2. In AWS, create an IAM user with full admin permissions.

3. Under your IAM user > Security credentials, generate an access key for your user. We'll need this in the next step.

4. In your Github repository, go to Settings > Secrets. Using the New secret button, create the following two secrets:

Name: AWS_ACCESS_KEY_ID
Value: The ID portion of your access key (all caps)

Name: AWS_SECRET_ACCESS_KEY
Value: The Secret Key portion of your access key

1. Run the pipeline to see the build results. Github is currently in the process of adding support for manually running pipelines - until this is added, you may need to push a commit with a newline added to a file to get the project to build. The project will be deployed into the ap-southeast-2 region of your AWS account.

• In production, there is a bug which causes the API to return an ERR_INVALID_REDIRECT when the website hits it. This bug does not exist in the local configuration. I've attempted to debug it, and my best guess is that it may be due to the way that browsers handle CORS requests. However, for an issue such as this one, I would typically want to pair with someone to try to get to the root of it.
• The pipeline task that builds the production dotenv file has the ap-southeast-2 region hard-coded into it. I believe that it should be possible to fix this by making the AWS region a variable shared by the whole pipeline, and using that for both the credentials and the dotenv file.
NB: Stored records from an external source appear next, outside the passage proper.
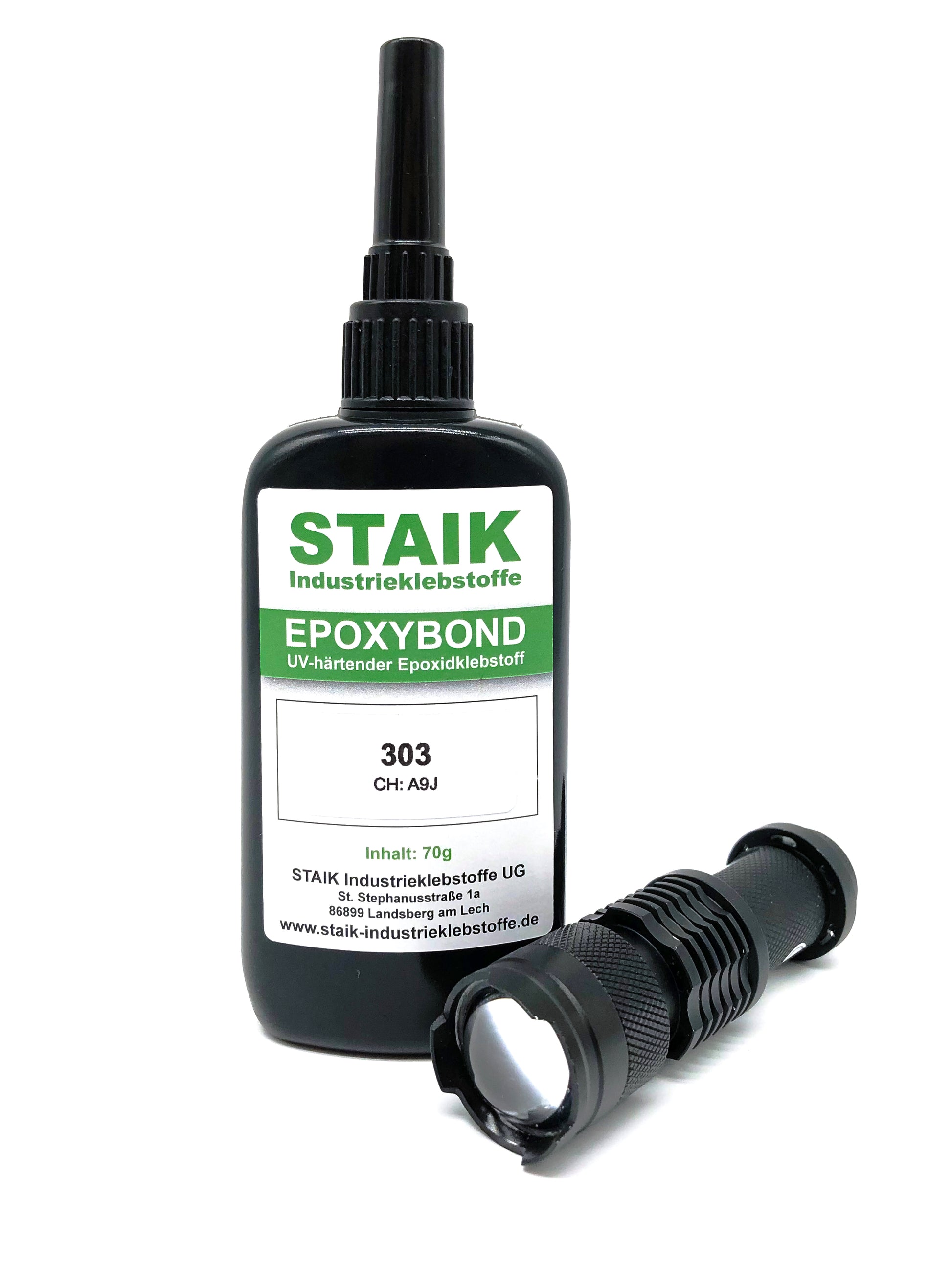 Epoxybond 303 ist ein dünnflüssiger Kunststoffkleber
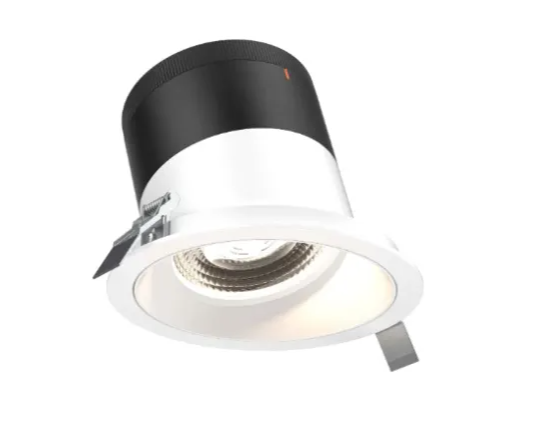 Dals Lighting RC06-CC-60-SLWH-TWH Versa 6" LED Sloped Recessed Downlight, Selectable Wattage, Multi-Color Temperature, Lumens 3,000 lm, 60° Beam Angle, Voltage 120-347V, White Reflector / White Trim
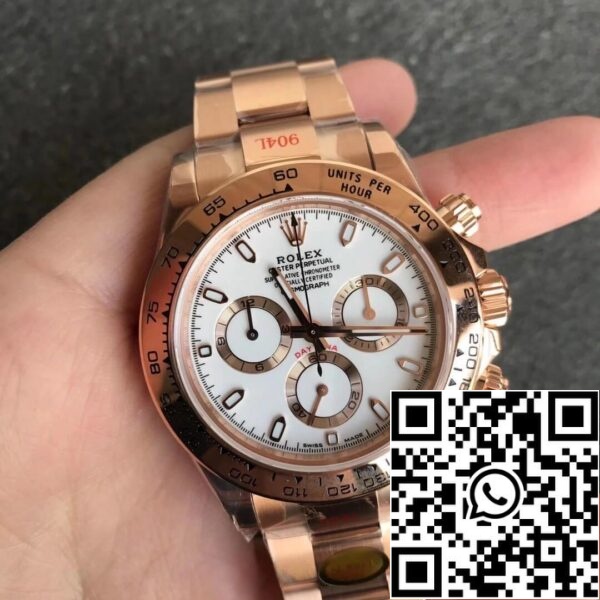 3 3 b84acd87 2114 4a4b aaca 748f908c5d6b Rolex Daytona m116505-0010 1:1 Best Edition Noob Factory Белый циферблат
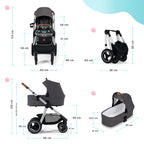 Kinderkraft Everyday 2 in 1 Pushchair Dark Grey
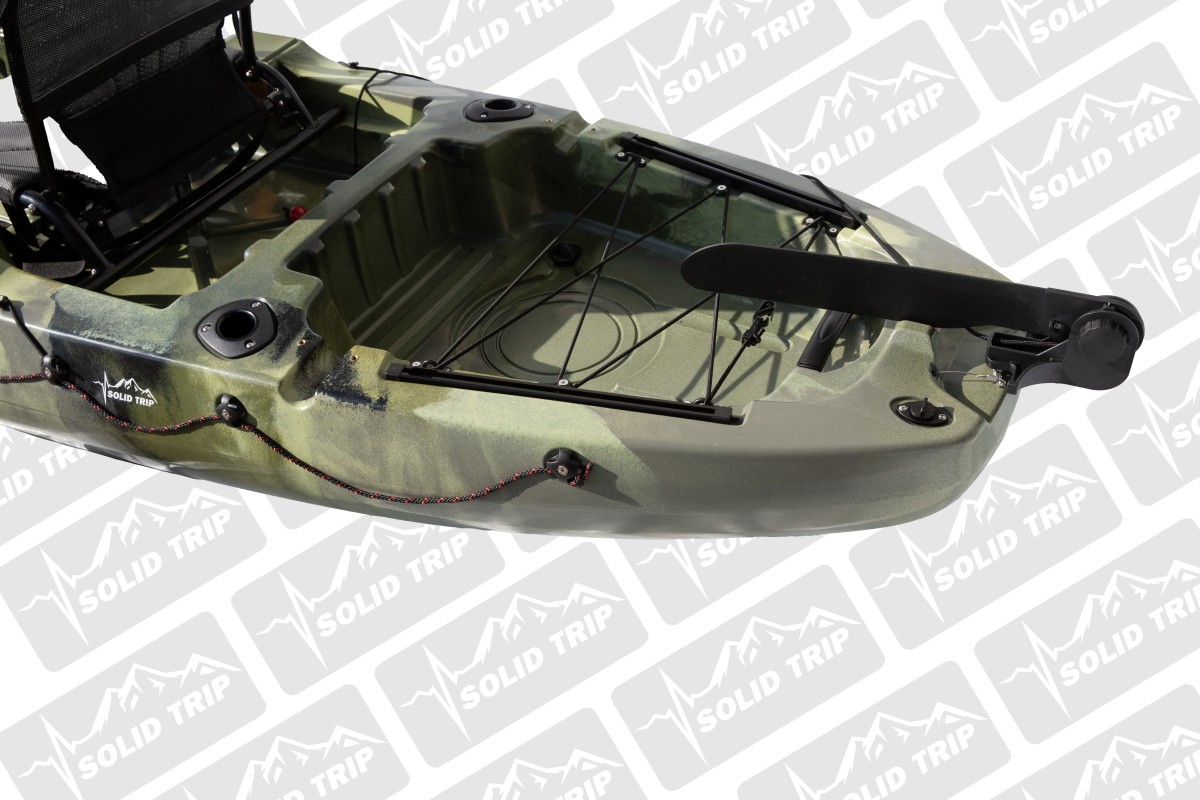 Kajak wędkarski SHARK SolidTrip z napędem pedałowym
• I used an IAM user with full admin permissions for the deployment, so that I didn't have to worry about going in and tweaking the policies. If I had more time, I would reduce the permissions on the IAM user that Github Actions uses to build, and test it before changing the instructions. I believe that Full Access permissions to API Gateway, CloudFormation, Lambda, DynamoDB, and S3 should be sufficient.
• I chose to build out a Cloudformation template for the AWS deployment for a couple of reasons. I'm not familiar with Serverless Framework, and couldn't find an easy way to get Serverless to handle having multiple configuration files. I also decided that building out a Cloudformation template would enable me to get a better understanding of the infrastructure that I was working on, rather than just copying and pasting. Given this understanding, I would probably modify the Serverless Framework workflow were I to complete this task again.
• The advice on checking local dotenv files into a Github repository seems to vary. I've left them out in this case, and given instructions for how to set the file up locally yourself. This should mean that anyone building the project locally can change their configuration if they wish, which is one advantage of this approach.
• I chose to use trunk-based deployment because the Github Actions pipeline only builds on the default branch, and I wanted to be able to test things and catch small bugs quickly. When working on my own, I prefer to make small changes incrementally so that I can catch issues early rather than relying on a review process. For a larger-scale project with a better-architected pipeline, I would use branch-based deployment instead.
• There is a lot of scope for improvement in the local run workflow. If I had time, I would probably Dockerise this, and set it up so that the whole application could build using one docker-compose command from the root directory.
• From there, it would be possible to host the application on a custom URL using a Cloudfront distribution and LetsEncrypt certificate, as well as improving security. I would probably focus on HSTS headers first to ensure that the site was less vulnerable to man-in-the-middle attacks, and then I would look at securing the traffic between the Lambda and the DynamoDB.